Why Is MI5 Being Accused of Lying to the Courts? The Neo-Nazi Informant Scandal Explained

The MI5 building in London. (Credit: City.and.Color/Flickr)

MI5 gave 'false evidence, based on lies' to three UK courts while defending a violent neo-Nazi informant, according to a report by Sir John Goldring, the deputy investigatory powers commissioner, published this week in London.

The abuse carried out by the agent, known as 'Agent X', emerged through testimony from his former partner, Beth.

The case centres on Agent X, a foreign national and neo-Nazi informant who worked for MI5 and used that status, according to court records, to coerce and intimidate his British partner, known by the alias Beth.

He attacked her with a machete, tried to scare her into silence by invoking his links to the security service, and was later helped by MI5 to leave the UK to continue intelligence work while under police investigation.

How MI5's False Account Reached The Courts

In 2022 the government went to court to try to stop publication of reporting on Agent X. It failed to block publication but won him legal anonymity.

Beth then brought a case against MI5 at the Investigatory Powers Tribunal, and later sought a High Court review in 2024, arguing the agency had enabled her abuse and covered for him.

In each of those three proceedings, MI5 insisted it had strictly followed its 'neither confirm nor deny' secrecy policy, or NCND, about whether X was an agent, and judges accepted sworn evidence to that effect from a senior MI5 deputy director, Witness A.

Goldring has concluded that the NCND account was not true.
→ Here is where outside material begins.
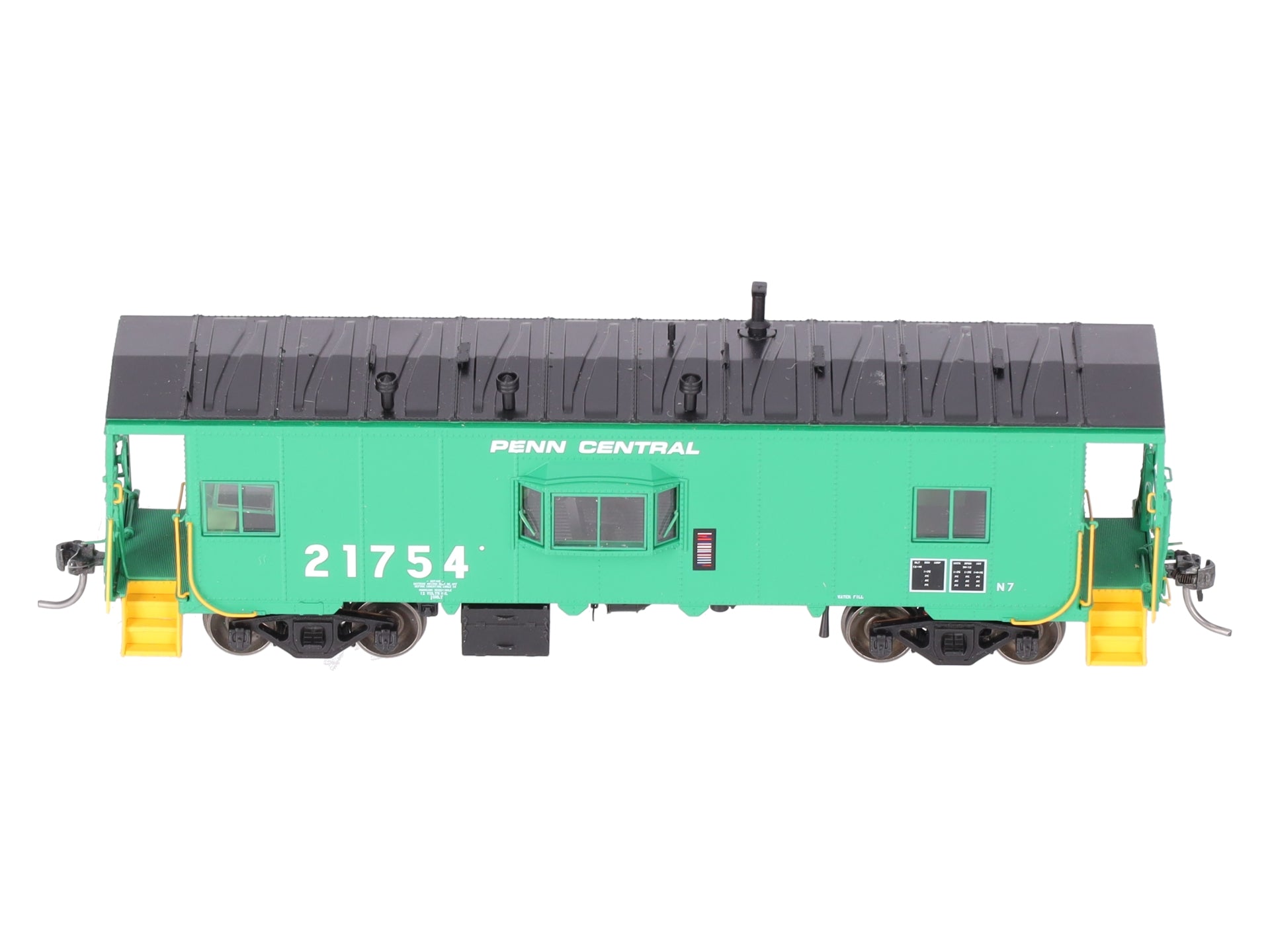 Tangent 60112-04 HO Penn Central N7 Bay Window Caboose #21754 EX/Box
MI5 had already breached the policy in 2020, when a senior officer, Officer 2, confirmed X's agent status in calls with a journalist and tried to talk him out of publishing, at one point describing X as 'not a real extremist'.

When further questions were asked, armed with Beth's testimony that X was a violent abuser, Officer 2 later told his successor, Officer 3, that he 'thought he had not' confirmed X's status. Officer 3 then reassured colleagues, and ultimately the courts, that NCND had been maintained.
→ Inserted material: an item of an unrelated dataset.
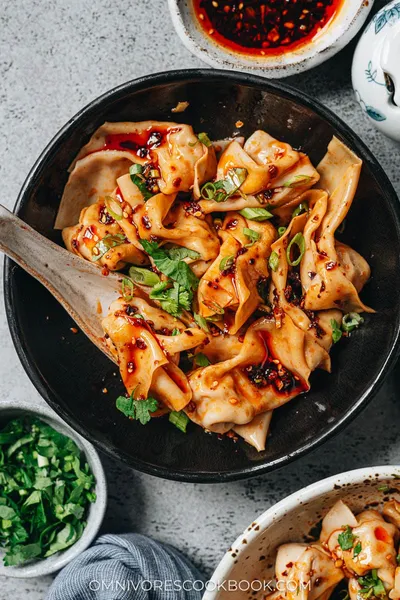 Chengdu Wontons in Chili Oil Grand Sichuan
Inside The 'Cascade Of Dishonesty'

Goldring describes what followed as a 'cascade of dishonesty' and group self-deception. He finds Officer 2 'repeatedly told lies' and put forward a 'wholly fictitious account', while Officer 3 'misled' colleagues and 'did not act in good faith'.

A contemporaneous email cited in the report shows Officer 3 accepted that misleading the court this way could amount to perjury, yet he is said to have 'effectively shut down' the MI5 team that actually handled Agent X when they tried to flag that NCND had been broken.
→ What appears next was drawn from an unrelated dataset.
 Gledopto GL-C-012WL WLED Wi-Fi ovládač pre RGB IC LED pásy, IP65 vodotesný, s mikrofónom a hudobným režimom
Witness A is criticised for having 'overstated' what he knew in an internal legal meeting, helping entrench the false narrative. Even MI6 and a foreign intelligence partner were told the truth internally, yet the false account 'was allowed to take hold and persist'.

Oversight Breakdown And Official Response

Two earlier internal reviews had cleared MI5, attributing the false evidence to muddle and poor memory, but in July 2025 senior High Court judges ruled those investigations suffered from 'serious procedural deficiencies'.

The prime minister then ordered Goldring's fresh inquiry, which ran for 10 months and found MI5 gave 'false evidence, based on lies' to three courts, describing the failings as 'serious and systemic'.

Beth, who has already received compensation from MI5, said 'our authorities should have zero tolerance for male violence against women'.

MI5 Director General Sir Ken McCallum said the service 'recognises without hesitation the seriousness of our failings', apologising to both the courts and to Beth. Home Secretary Shabana Mahmood called the report 'stark' and promised 'urgent action' and tighter oversight.

The High Court and the Investigatory Powers Tribunal must now decide whether to pursue contempt of court proceedings against individual MI5 officers or the service as a whole, with Goldring's findings also leaving open the possibility of a criminal inquiry.